Sebastian Shakespeare
22 Apr 2009


I am doing my bit to curb the nation's binge-drinking culture: I have been on the wagon for six weeks now. The reason I initially gave up was that I had a drunken altercation with my wife in the back of a black cab. As I couldn't remember anything about the episode, I clearly had to mend my ways. I have a sneaking suspicion that my wife made the whole story up and I just fell asleep but how could I disprove her?

There are many upsides to renouncing alcohol: improved memory, improved sleep and you don't overstay your welcome at parties. The downsides are alas equally numerous: you have to endure boring conversations and I drink so much water that I am up half the night.
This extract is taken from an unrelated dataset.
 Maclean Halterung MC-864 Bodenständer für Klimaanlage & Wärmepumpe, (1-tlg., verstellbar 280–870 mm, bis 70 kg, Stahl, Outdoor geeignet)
As one wag said, something has to be said for sobriety but very little.

I now face another insurmountable hurdle. I am due to attend a stag night in May. I went for a "dry" run last week with the groom and survived despite sitting in a restaurant all night next to a wine rack laden with bottles. Oh, what exquisite torture.
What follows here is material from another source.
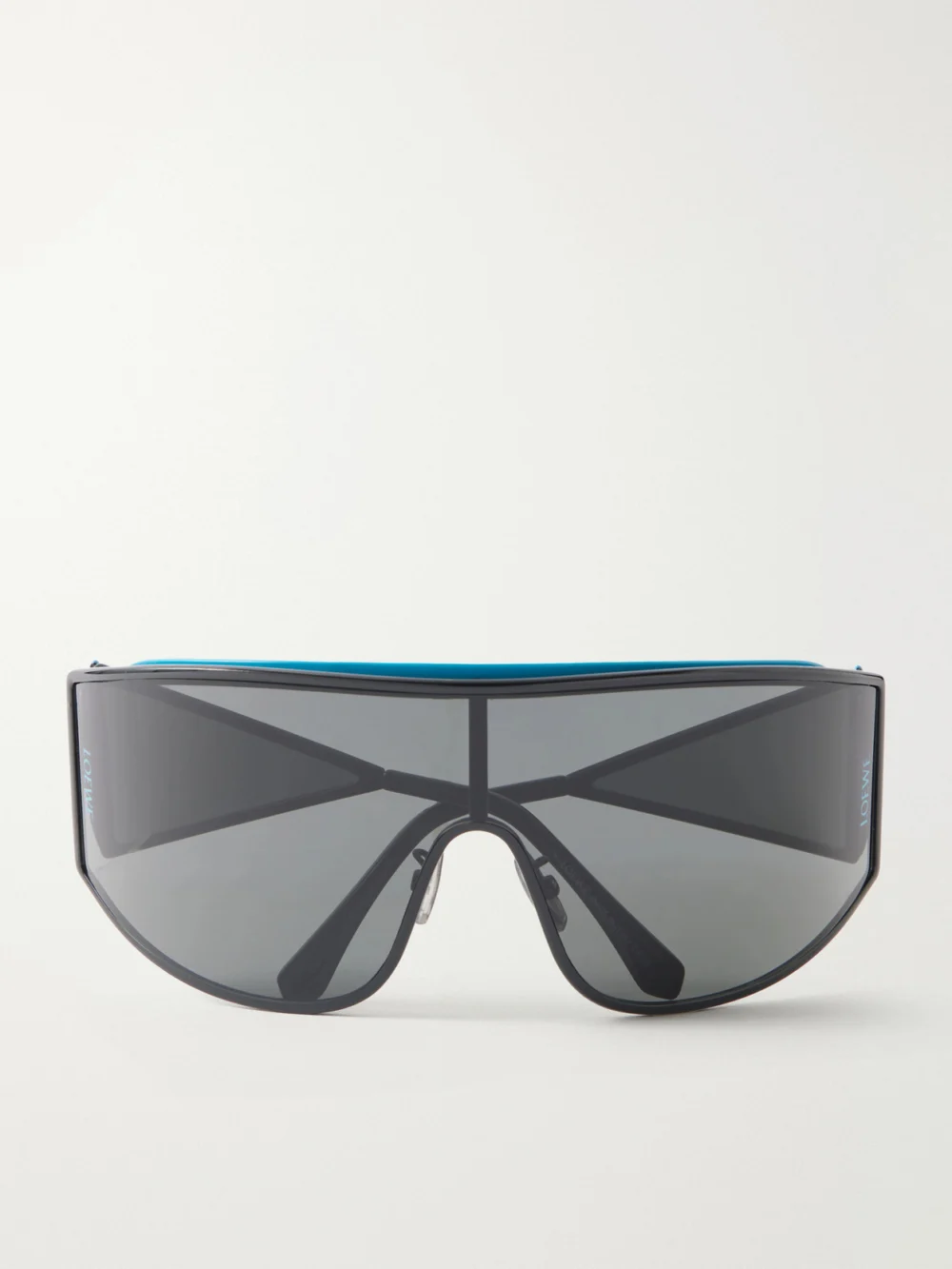 Loewe Speed Shield Mask Metal Sunglasses in gray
I know I shouldn't be too self-satisfied, as it's only a matter of time before I fall off the wagon. My relationship to booze is that described in the Rubaiyat of Omar Khayyam: "Drink! For you know not whence you came, nor why/Drink! For you know not why you go, nor where." One can drink too much from time to time but one never drinks enough. In fact, Omar got it only half right. I would still drink even if I knew where I was going.

* Werner Herzog is famous for taking artistic licence to its extremes: he prefaces documentaries with invented epigrams from Pascal and so on. But his latest Oscar-nominated documentary about Antarctica, Encounters at the End of the World, takes the biscuit. After a screening I attended the other day at the Renoir, there was a Q&A session with one of the subjects of the film, British vulcanologist Clive Oppenheimer. "He says on screen that I am wearing a tweed jacket, but I am not," protested Oppenheimer. "It's complete nonsense." As any viewer will testify, Herzog never lets the facts get in the way of a good story.

* I am enjoying the Notting Hill bus wars. Supermodel Elle Macpherson, below, is among those campaigning against the re-routing of the number 23 bus along Ladbroke Gardens. Did Elle acquire her nickame "the Body" by running for buses? It is hard to imagine her on any form of public transport. There is a popular adage, attributed to Loeila, Duchess of Westminster, that any man who finds himself on a bus after the age of 30 can count himself a failure in life. In Notting Hill, it seems that you are a failure in life if you live anywhere near a bus stop.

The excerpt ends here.